What is expected
Excluding pictures, what does the listing below contain from the line with "Lurelia Capa Com" up to and including the line with "Alice AW435C Colorful", word for word?

Records for the task
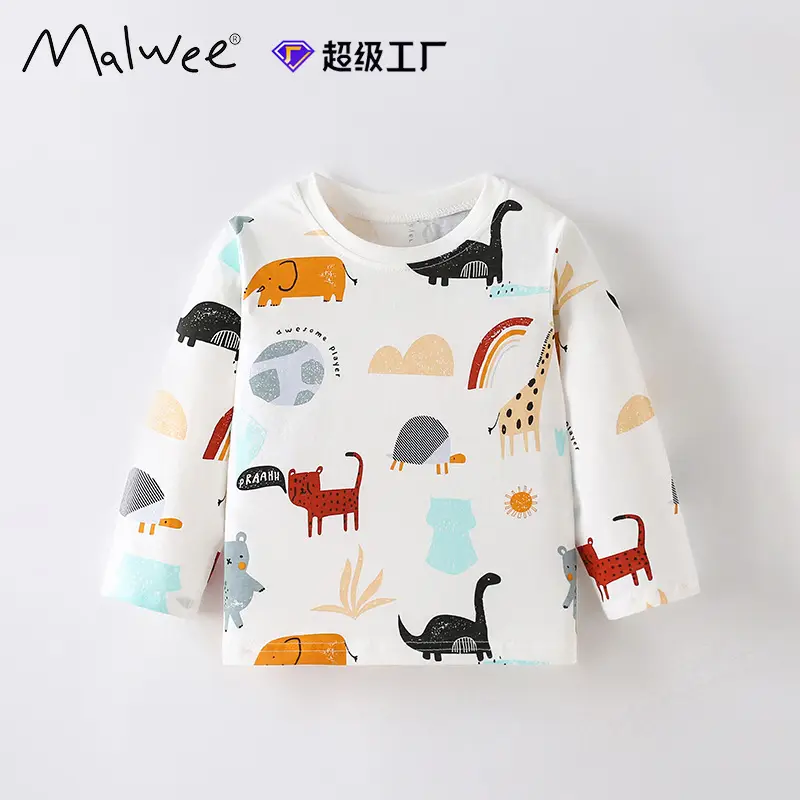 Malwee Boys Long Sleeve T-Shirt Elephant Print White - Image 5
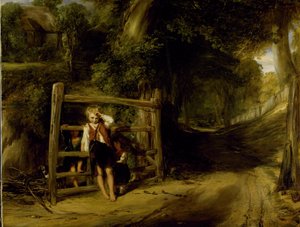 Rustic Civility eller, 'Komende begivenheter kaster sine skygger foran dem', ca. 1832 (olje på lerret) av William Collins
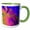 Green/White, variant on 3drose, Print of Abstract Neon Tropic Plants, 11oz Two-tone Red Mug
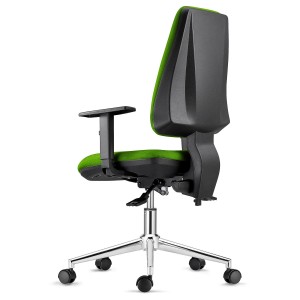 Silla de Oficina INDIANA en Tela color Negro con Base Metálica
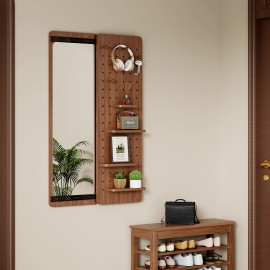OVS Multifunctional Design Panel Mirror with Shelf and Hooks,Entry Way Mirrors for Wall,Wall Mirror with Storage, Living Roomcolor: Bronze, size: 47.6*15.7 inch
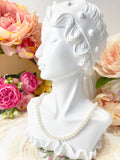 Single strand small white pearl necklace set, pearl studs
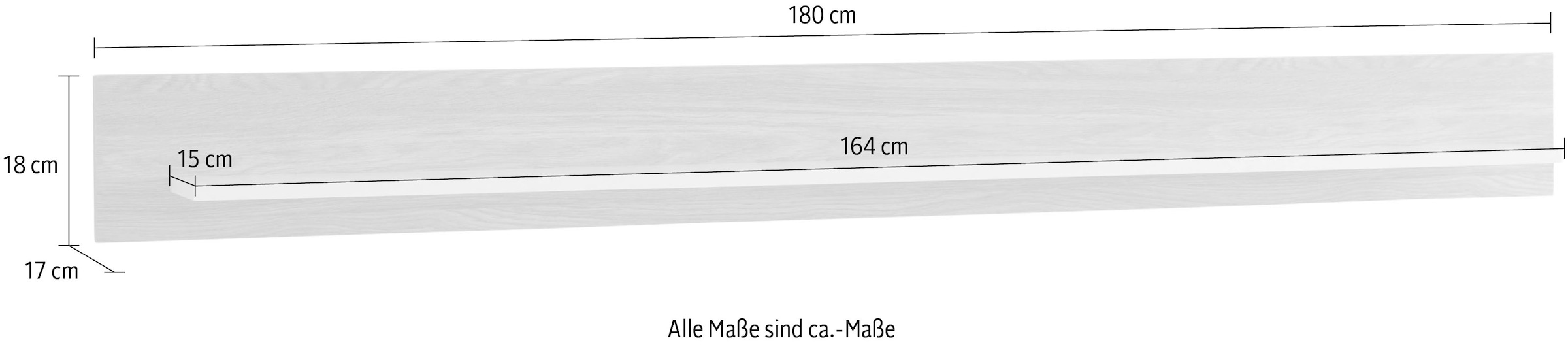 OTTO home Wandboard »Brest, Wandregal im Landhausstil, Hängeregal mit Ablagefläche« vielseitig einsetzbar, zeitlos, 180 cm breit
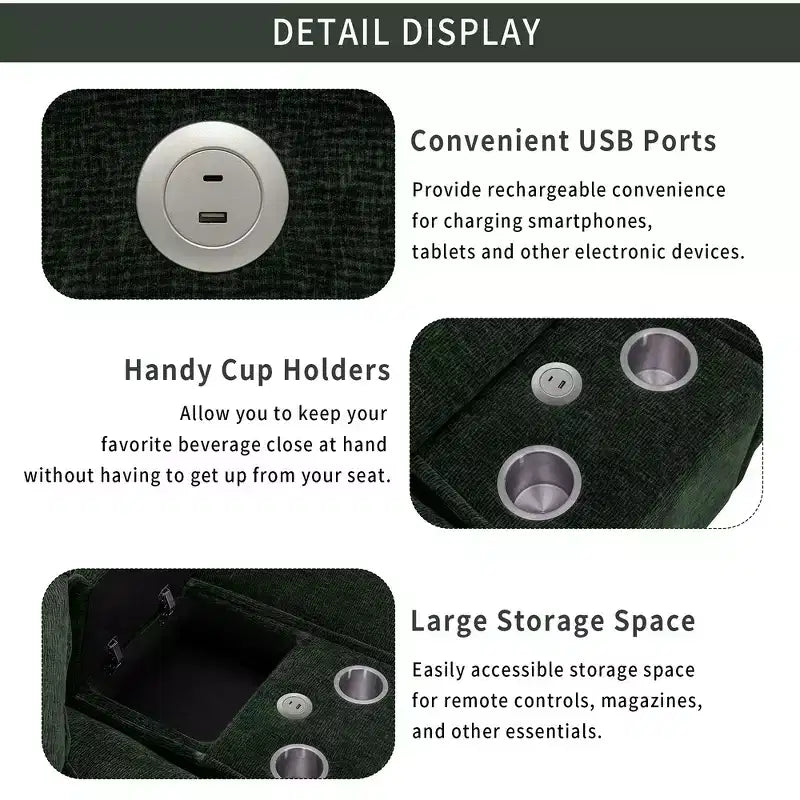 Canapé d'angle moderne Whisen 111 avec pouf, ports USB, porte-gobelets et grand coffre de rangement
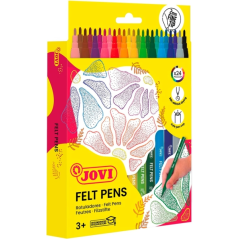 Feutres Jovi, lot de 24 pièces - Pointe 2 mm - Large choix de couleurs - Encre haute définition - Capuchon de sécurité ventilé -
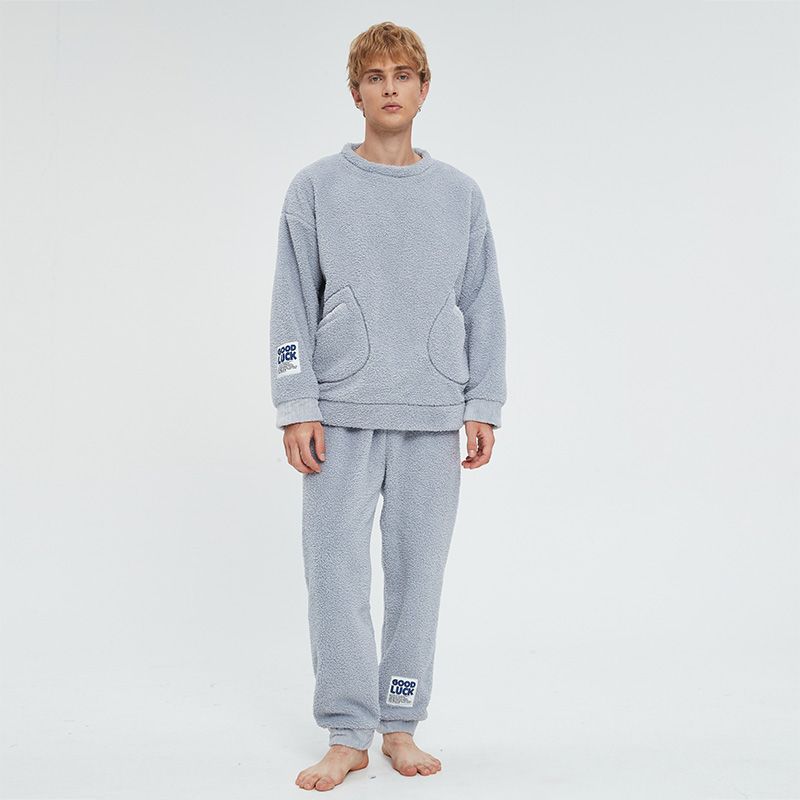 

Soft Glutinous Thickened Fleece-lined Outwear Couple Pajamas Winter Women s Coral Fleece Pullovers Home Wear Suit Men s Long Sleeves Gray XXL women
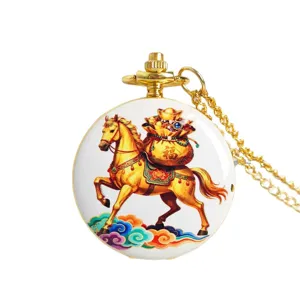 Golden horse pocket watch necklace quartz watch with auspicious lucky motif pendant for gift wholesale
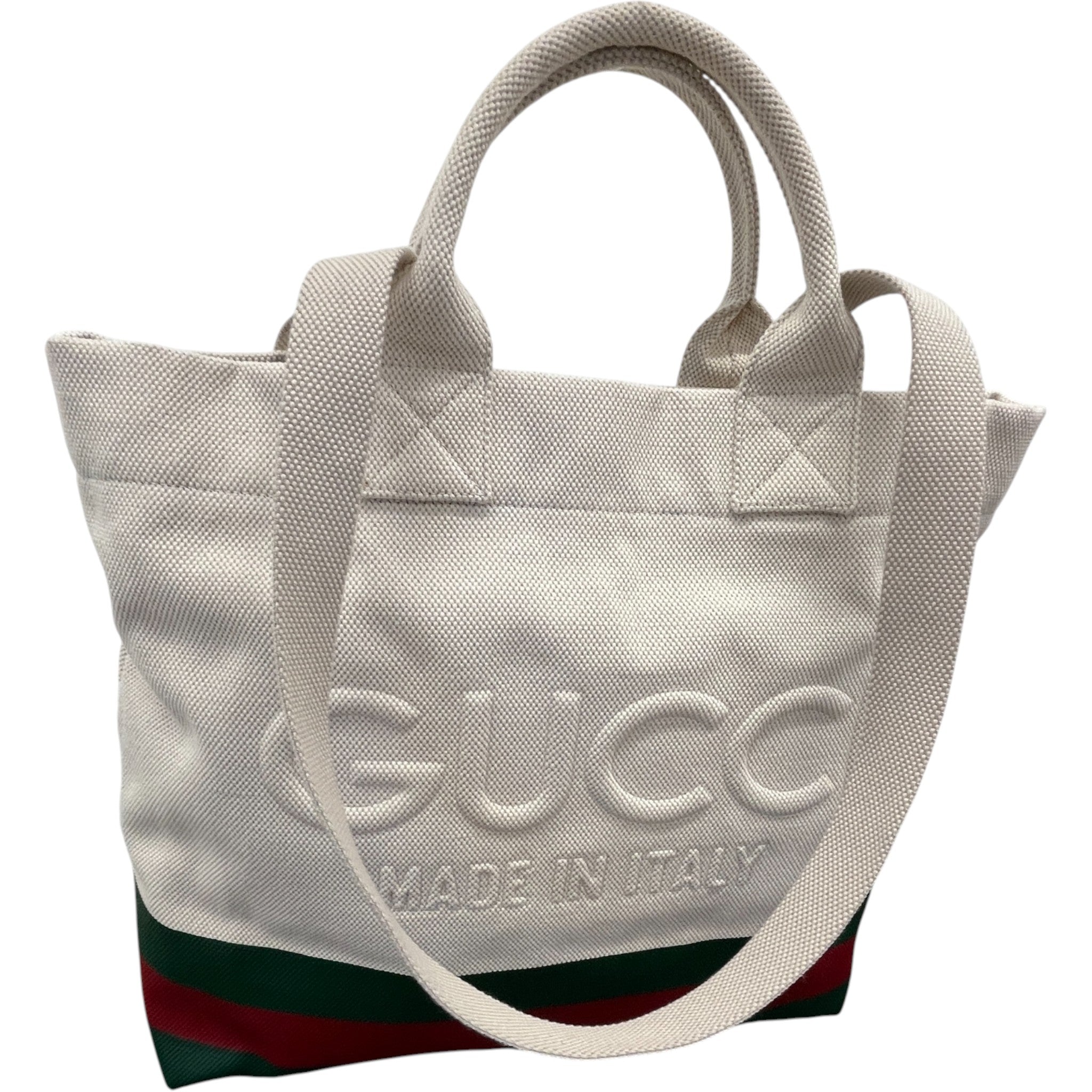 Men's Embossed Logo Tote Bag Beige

--

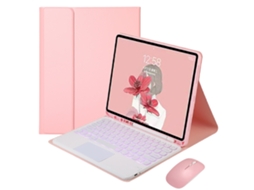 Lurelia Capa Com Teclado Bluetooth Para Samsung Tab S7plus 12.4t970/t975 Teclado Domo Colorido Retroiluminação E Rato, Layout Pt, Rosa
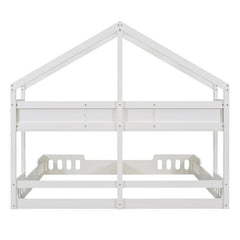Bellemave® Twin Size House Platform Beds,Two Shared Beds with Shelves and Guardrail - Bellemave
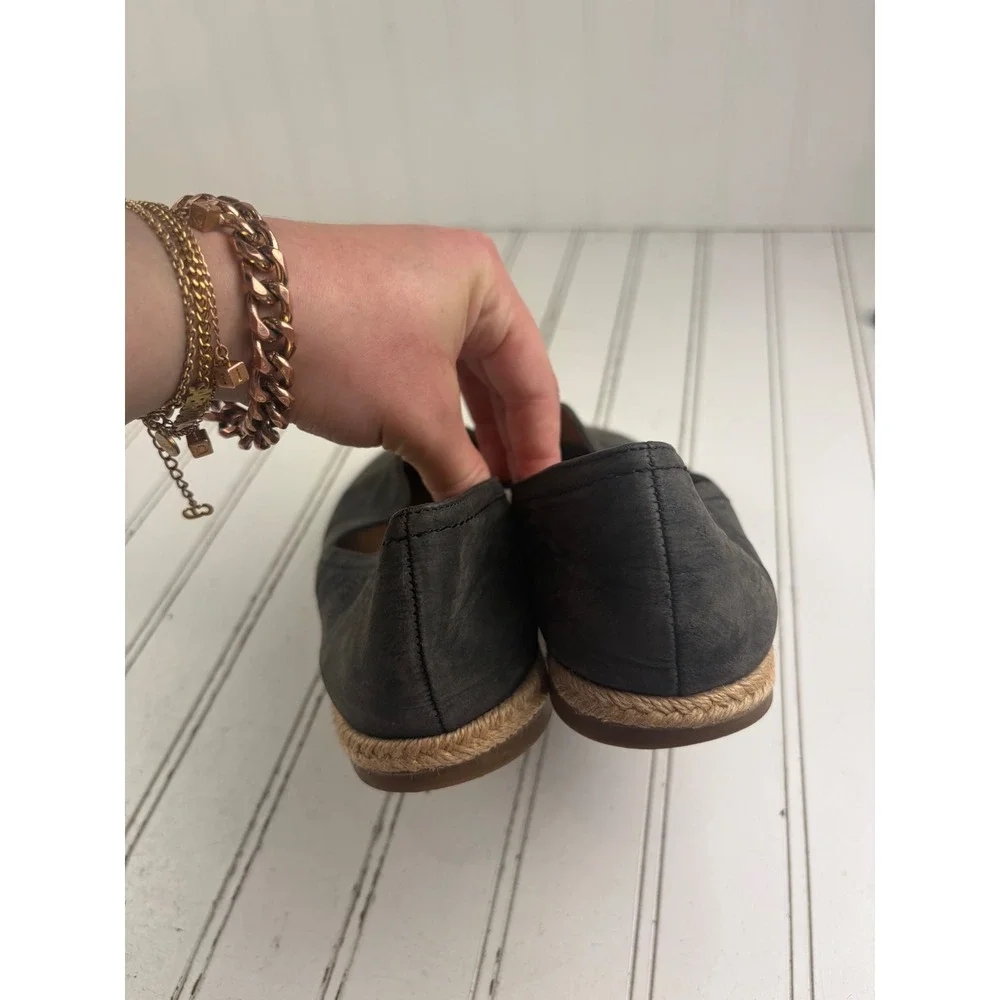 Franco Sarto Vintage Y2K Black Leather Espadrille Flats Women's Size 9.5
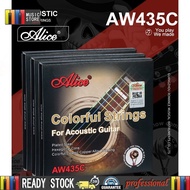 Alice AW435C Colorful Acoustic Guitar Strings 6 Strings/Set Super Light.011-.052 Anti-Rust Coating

Answer space
 Lurelia Capa Com Teclado Bluetooth Para Samsung Tab S7plus 12.4t970/t975 Teclado Domo Colorido Retroiluminação E Rato, Layout Pt, Rosa
Bellemave® Twin Size House Platform Beds,Two Shared Beds with Shelves and Guardrail - Bellemave
 Franco Sarto Vintage Y2K Black Leather Espadrille Flats Women's Size 9.5
 Alice AW435C Colorful Acoustic Guitar Strings 6 Strings/Set Super Light.011-.052 Anti-Rust Coating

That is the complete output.